Mayor James Grogan said the city would receive $100,000 toward the construction of walking trails going in at Main Street Park behind the Dawsonville Municipal Complex.

"We learned about it two weeks ago. We're not sure when the money will be coming in, but we were told we are getting the grant," he said.

Funding for the grant is provided by the Federal Recreational Grants Program and administered at the state level by the Department of Natural Resources.

The city applied for a similar grant a year ago. That attempt to gain funding was unsuccessful.

"We were very close. We only missed it by about five points," Grogan said. "This time we worked with [the Georgia Mountains Regional Commission] to make sure we were able to get those extra points we needed to get the grant.
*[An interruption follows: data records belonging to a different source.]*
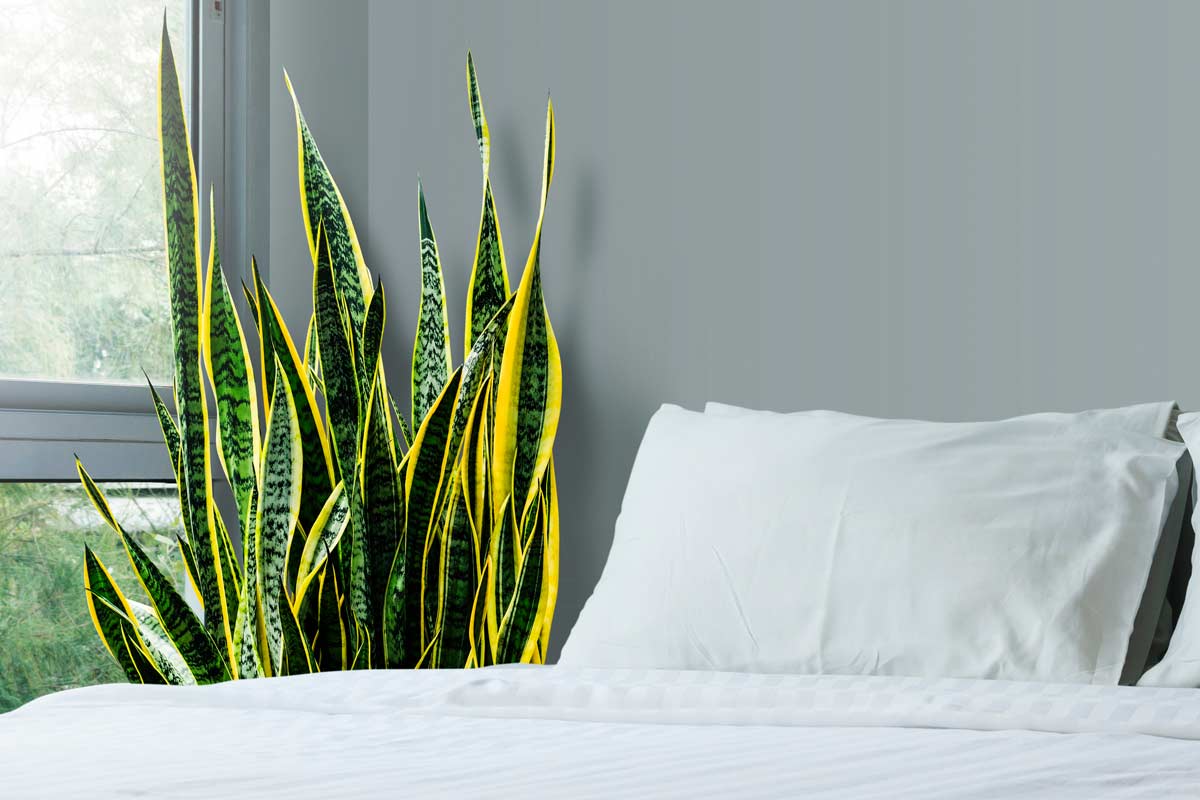 Sansevieria rempotage signaux.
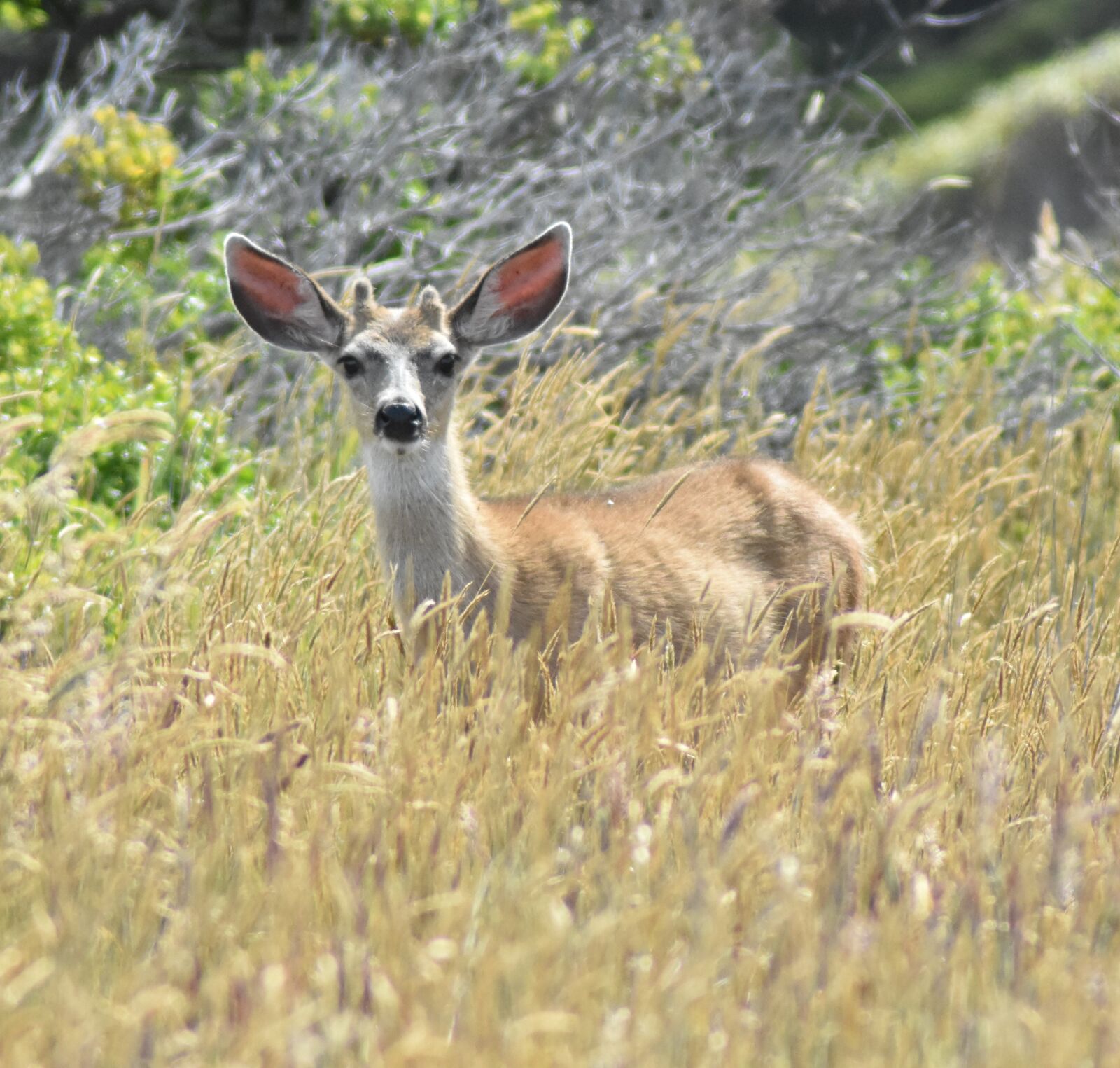 Nikon D3400 sample photo. Deer, wildlife, animal photography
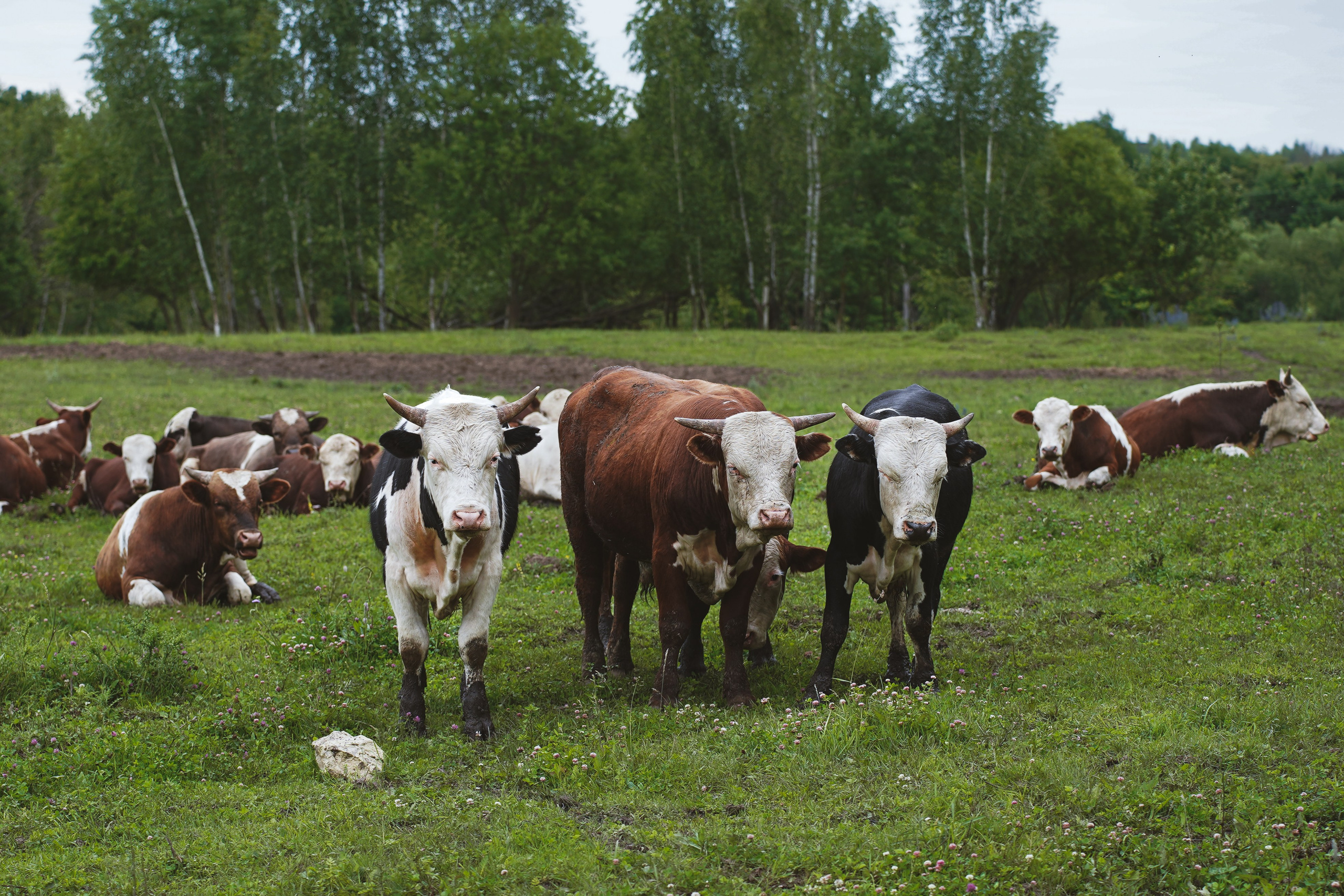 MOTHER EARTH. Фотограф и визуальный художник в Туле / Николай Рейзвих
They helped us prepare the application."

While the plans for Main Street Park are still in their infancy, Grogan said having recreational trails for the community to enjoy has always been a top priority.

"There are several different options we're looking at for the trails," he said.

The city council last week collectively indicated the design firm of Kimley Horne as the favorite.

In the form's March presentation to the council, Kimley Horne representatives boasted a collaborative of specialists within the nationwide company that could develop the entire park in house.

The design showed all play areas on the park's west end along Allen Street and an amphitheater that faces south with open area raised grass seating.

"We'll be voting on the design team at our next meeting. From there, we'll begin work, with the with input from council and staff, with the design firm on exactly what features we want to go in the park," Grogan said.

Final federal approval of the grant is set to take place later this summer. If approved, the city would be required to provide a 20 percent match, which Grogan said would take place through in-kind construction services city staff could perform.

City Manager David Headley said the hope is to have a groundbreaking for the park within the year.